Sans Faceted Myri 8 is a bold, normal width, medium contrast, upright, normal x-height font.
Keywords: headlines, logos, posters, game titles, album art, industrial, retro, arcade, metal, aggressive, impact, branding, display, edgy, techno, angular, chamfered, geometric, blocky, octagonal counters.
Letterforms are constructed from crisp straight strokes and clipped corners, replacing curves with planar facets and chamfered joints. Counters tend to be polygonal and tightly shaped, producing a compact, high-impact texture in text. Terminals often end in sharp points or wedge-like cuts, and diagonals are treated as stepped angles rather than smooth transitions, giving the design a mechanical rhythm.
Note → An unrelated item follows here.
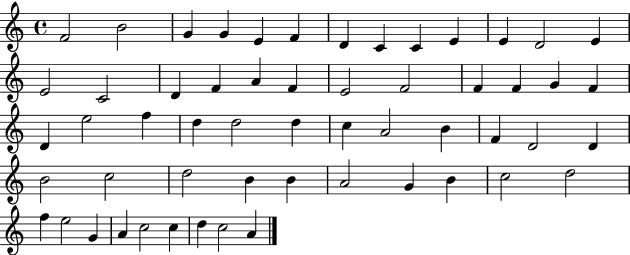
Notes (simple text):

The result is a blocky, geometric silhouette that reads best when set with a bit of breathing room.
It suits logos, wordmarks, posters, album/merch graphics, game titles, and event branding where a strong, angular personality is desired. It can work well for signage-like headlines and UI title treatments in retro or industrial themes. For longer passages, it is best reserved for short bursts of text at moderate-to-large sizes where the faceted details remain clear.
The font projects a hard-edged, assertive tone with a distinctly engineered attitude. Its angular construction evokes a retro-digital and arcade-like mood while also leaning into a gothic, emblematic flavor. Overall it feels forceful, stylized, and built to stand out rather than blend in.
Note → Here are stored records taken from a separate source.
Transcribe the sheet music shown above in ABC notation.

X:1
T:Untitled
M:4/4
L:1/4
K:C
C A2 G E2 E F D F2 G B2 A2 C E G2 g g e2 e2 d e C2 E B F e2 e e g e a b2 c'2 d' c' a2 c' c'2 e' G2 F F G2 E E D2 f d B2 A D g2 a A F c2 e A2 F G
This design appears intended as a display face that translates blackletter-like energy into a simplified, faceted geometry. By emphasizing sharp terminals and polygonal counters, it aims to deliver immediate visual punch and a distinctive voice for headlines or short phrases. The overall construction suggests an intention to feel mechanical and stylized rather than neutral or bookish.
The sample text shows a dense, rhythmic texture with prominent corners and narrow internal spaces, making spacing and size choices important for clarity. Round characters like O and 0 become multi-sided, and many lowercase forms echo the uppercase construction, reinforcing a cohesive, emblematic feel across cases and numerals.